The data wrangling process follows the following 3 steps:
- Data Gathering
- The WeRateDogs Twitter archive
- The tweet image predictions
- Additional data from the Twitter API
-
Assessing Data
-
Cleaning Data
-
Gathering Data; this involves getting the data needed. For this Udacity project, I worked with We Rate Dogs Twitter Archive data. The data is split into three parts. one is the csv file at hand, the second part of the data is a tsv file in a html format I downloaded the tsv file using request library in python, third part of the data I used python to extract the data I needed from the tweet-json file provided in the classroom. I used the json file provided in the classroom beacause I have not gotten approval for my twitter developer account.
-
Assessing Data; this the second stage of the data wrangling process. I visually assessed each of the dataset in Microsoft Excel and documented all the issues I detected while scrolling and randomly checking the data, these issues includes columns with predominantely missing values, dog stages split into four columns, source column contains url, non-descriptive column headers and inconsistency in column entries. I also assessed each of the dataset programmatically using python inbuilt functions and documented the issues detected which includes, incorrect datatypes, missing values in some columns, duplicated image url and inconsistency in column entries.
-
Cleaning Data; for this stage I used the Define, Code and Test strategy to address the issues documented during the assessment stage.

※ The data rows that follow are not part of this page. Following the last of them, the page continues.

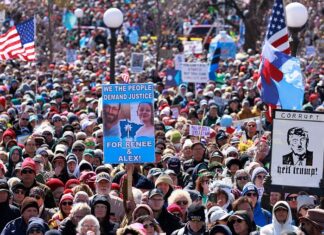 Protestas en EE.UU.: el movimiento No Kings crece contra Trump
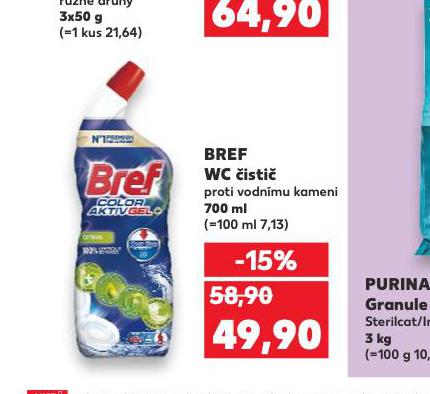 BREF WC ISTI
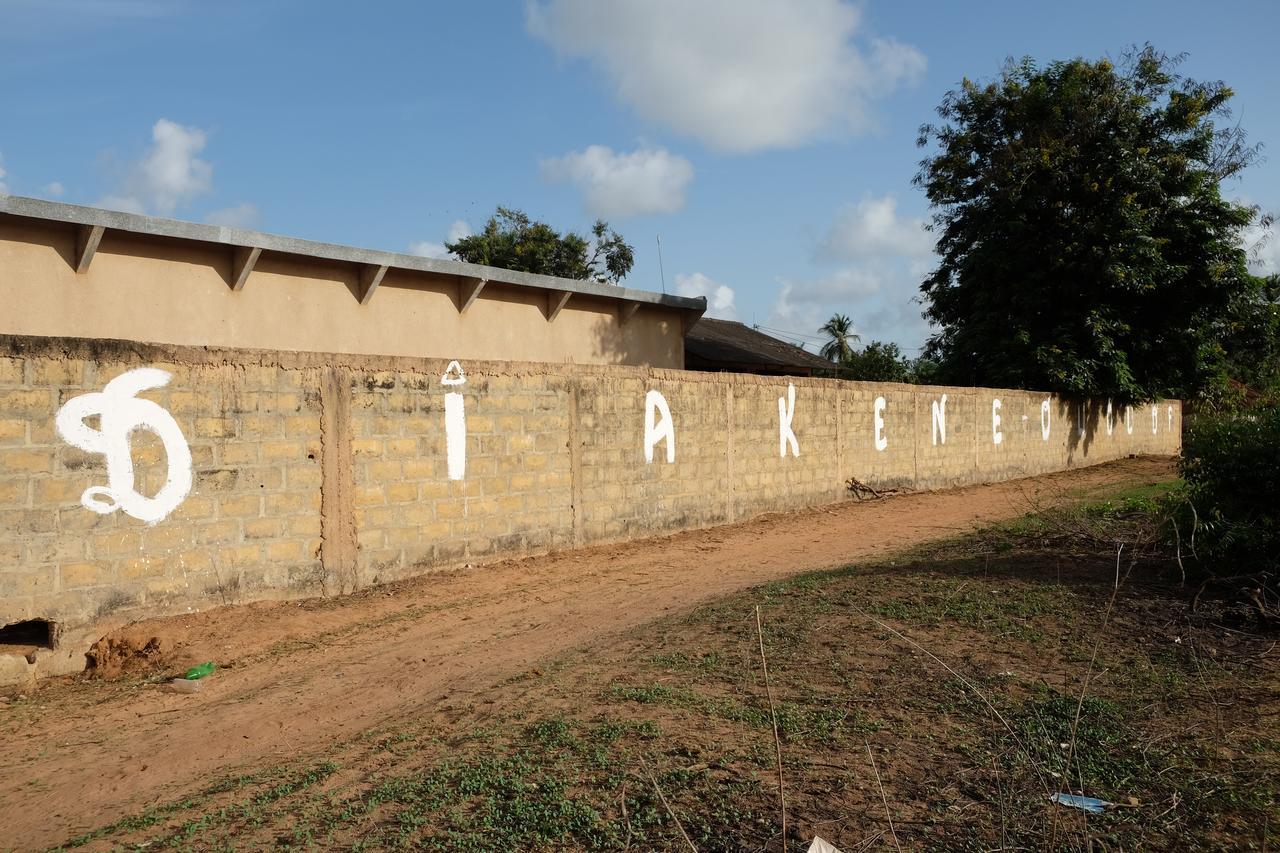 Maison d'hôtes Centre Touristique et Culturel Casamance à Diakene Ouolof Extérieur photo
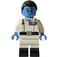 LEGO Grand Admiral Thrawn met Medium blauw Skin Minifiguur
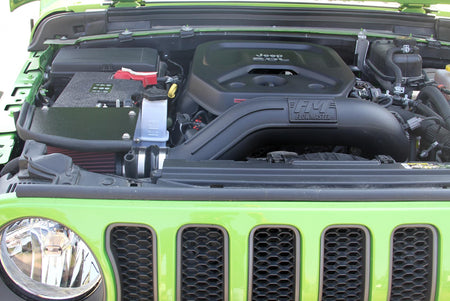 Flowmaster NA Flowmaster 615185 - Delta Force Performance Air Intake Fits 2018-2024 Jeep Wrangler Jl With 2.0L Engine
Carb Eo D-698-9 Compliant For 2018-2020 Wrangler 2.0L Flowmaster
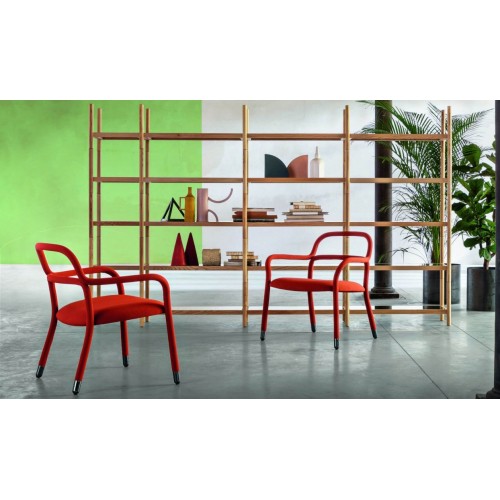 Sedia Pippi Midj AP R_TS - Arredare Moderno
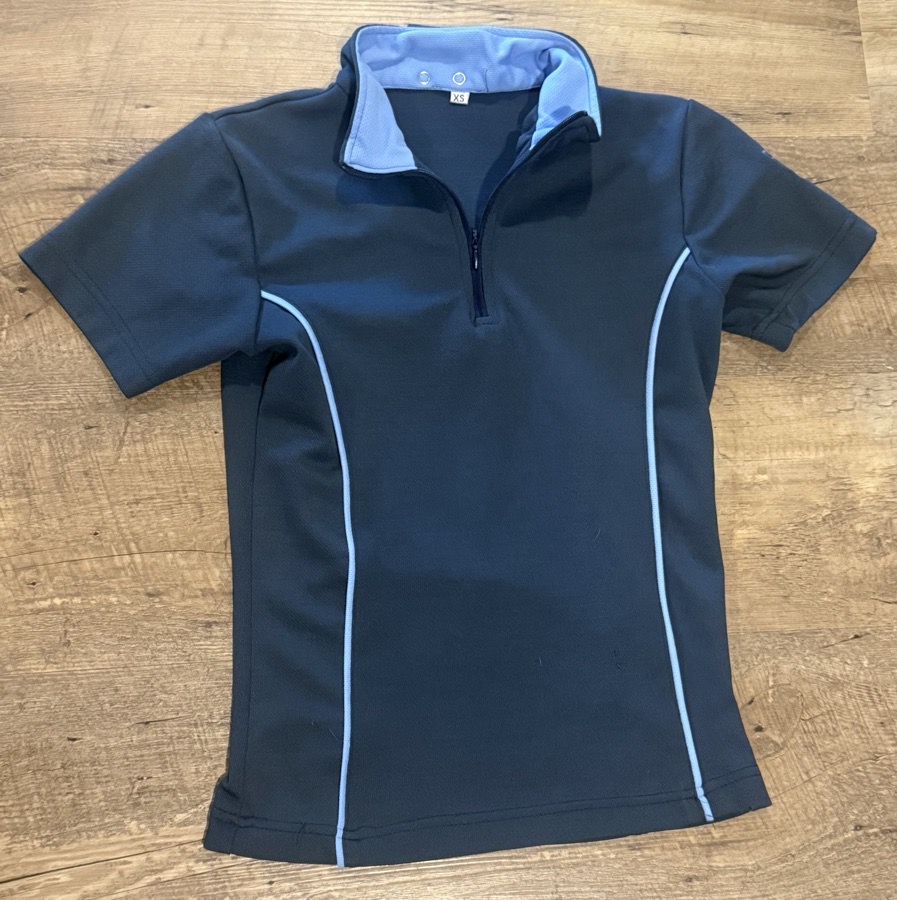 RIDING SPORT 1/4 zip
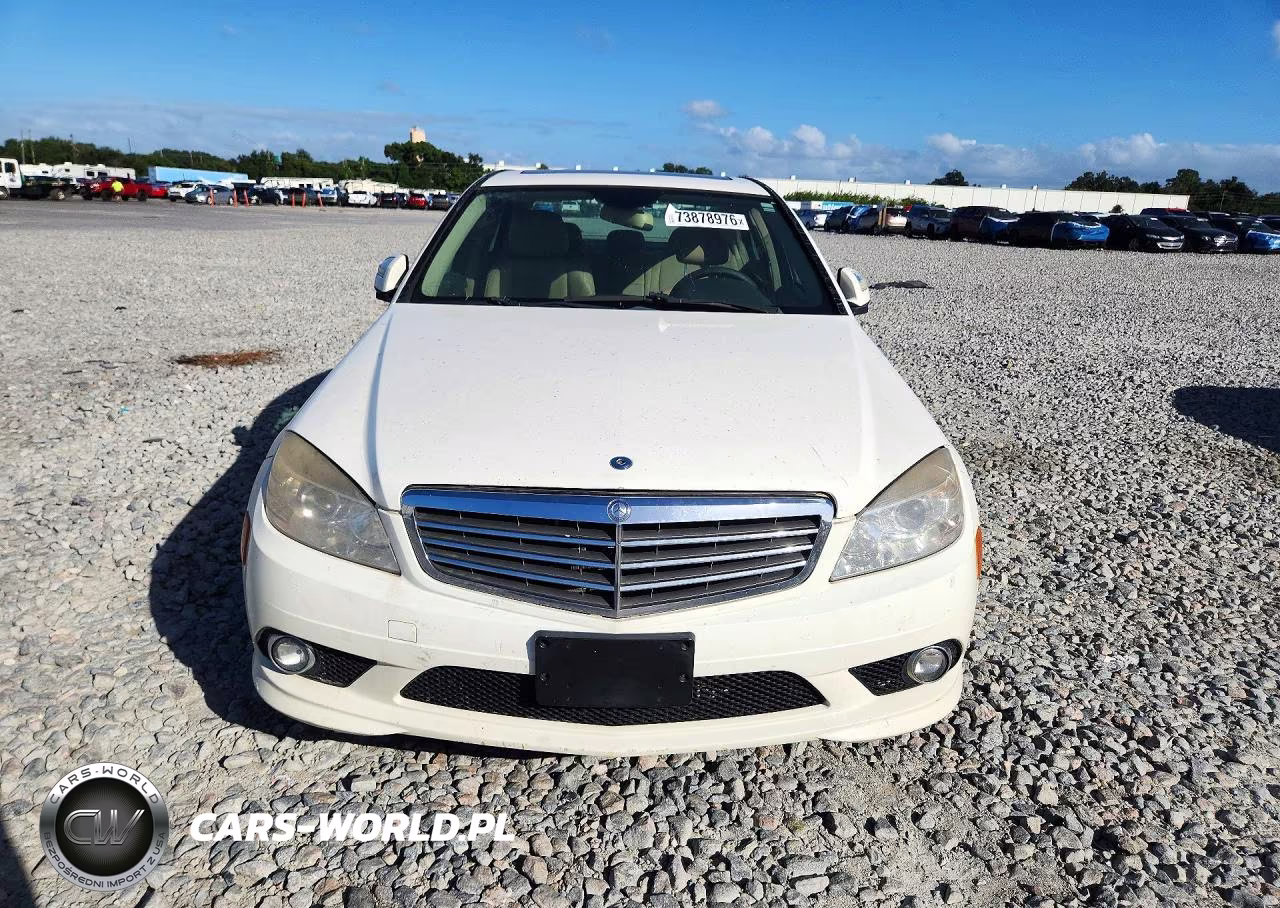 2009 Mercedes-Benz C 300 4Matic VIN:WDDGF81X49R078786 - 5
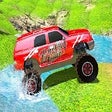 プログラムのアイコン：Offroad Grand Monster Tru…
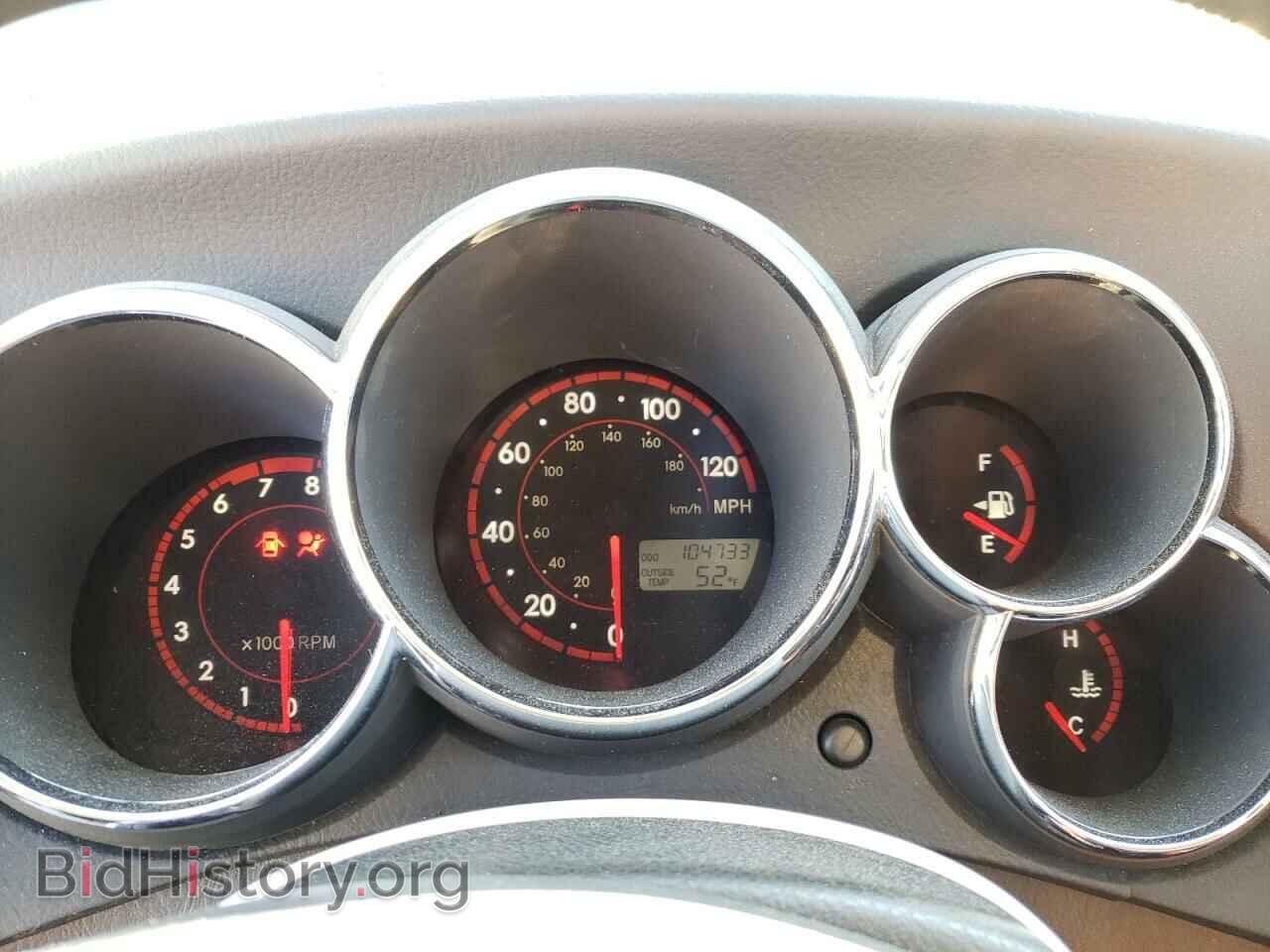 2006 TOYOTA MATRIX - VIN: 2T1KR32E86C593193 - Фото 9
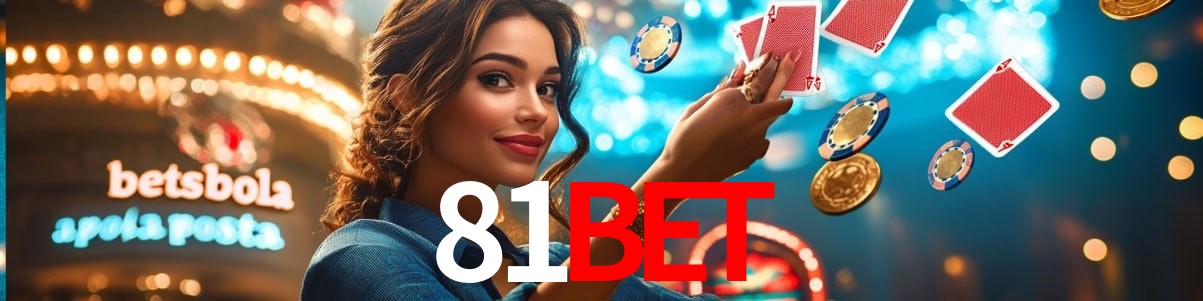 Welcome Bonus 81bet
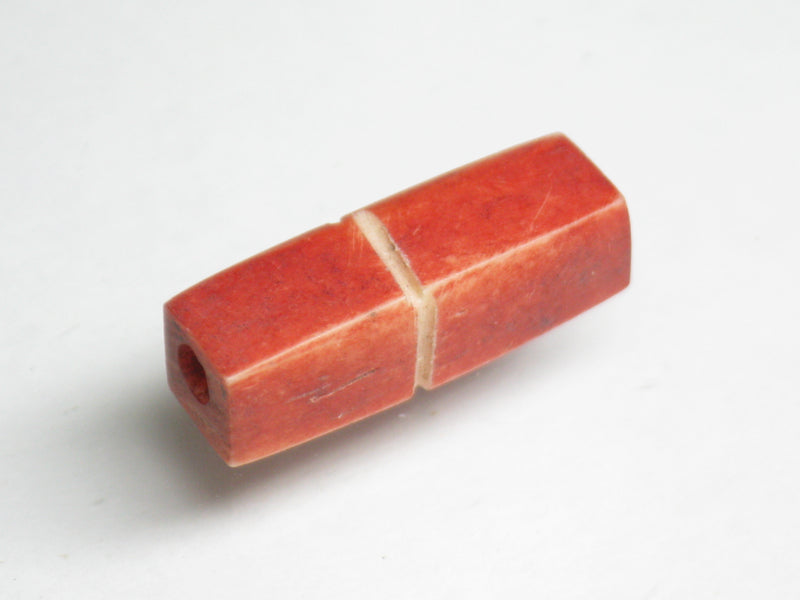 TOKO-BEADS AB184-75S Bone bead 6~7mm AB184-75S ボーンビーズ 6~7mm Asian bead & African bead  Handmade,Lampeork,bead,asia,india,ethnic,parts,accessory,beads とんぼ玉,ビーズ,トンボ玉,アジア,インド,エスニック,手作り,パーツ,アクセサリー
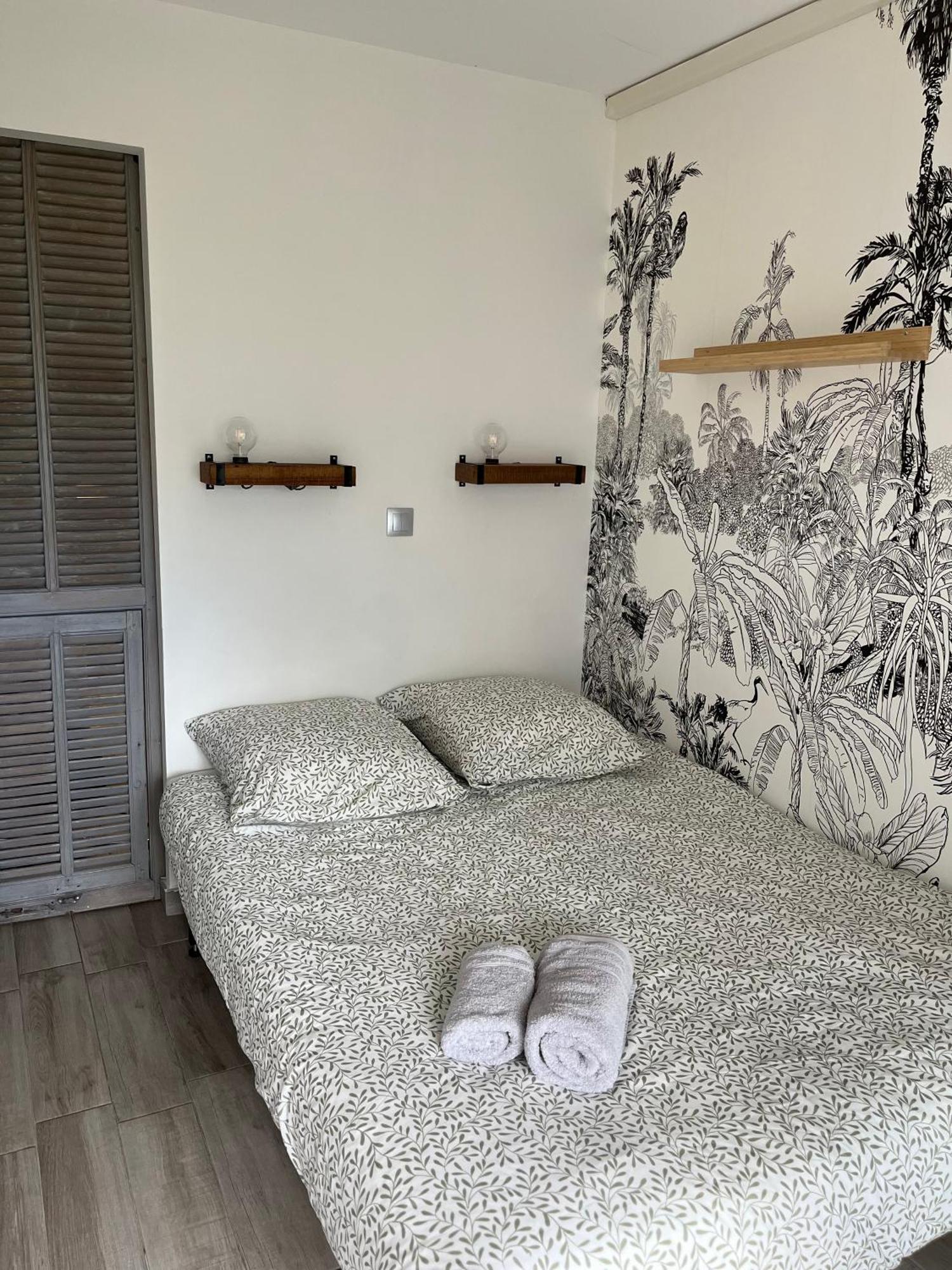 4 Pers , 100M De La Plage Marina Baie Des Anges French Riviera Villeneuve-Loubet Zewnętrze zdjęcie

The solution for each issue raised was defined,for example the column that has duplicated entries was defined as " Drop duplicate entries", code was written that addressed this issue and it was finally tested using code to ensure that the issue was resolved. One of the important cleaning done was to merge the three dataset to have one master dataset.
- What is the most frequently used device used for posting tweet?
- What month are most tweet posted?
- How many image predictions are not dogs if all three breed predictions are False and how many are dogs if all three breed predictions are true?
- What is the most popular dog stage?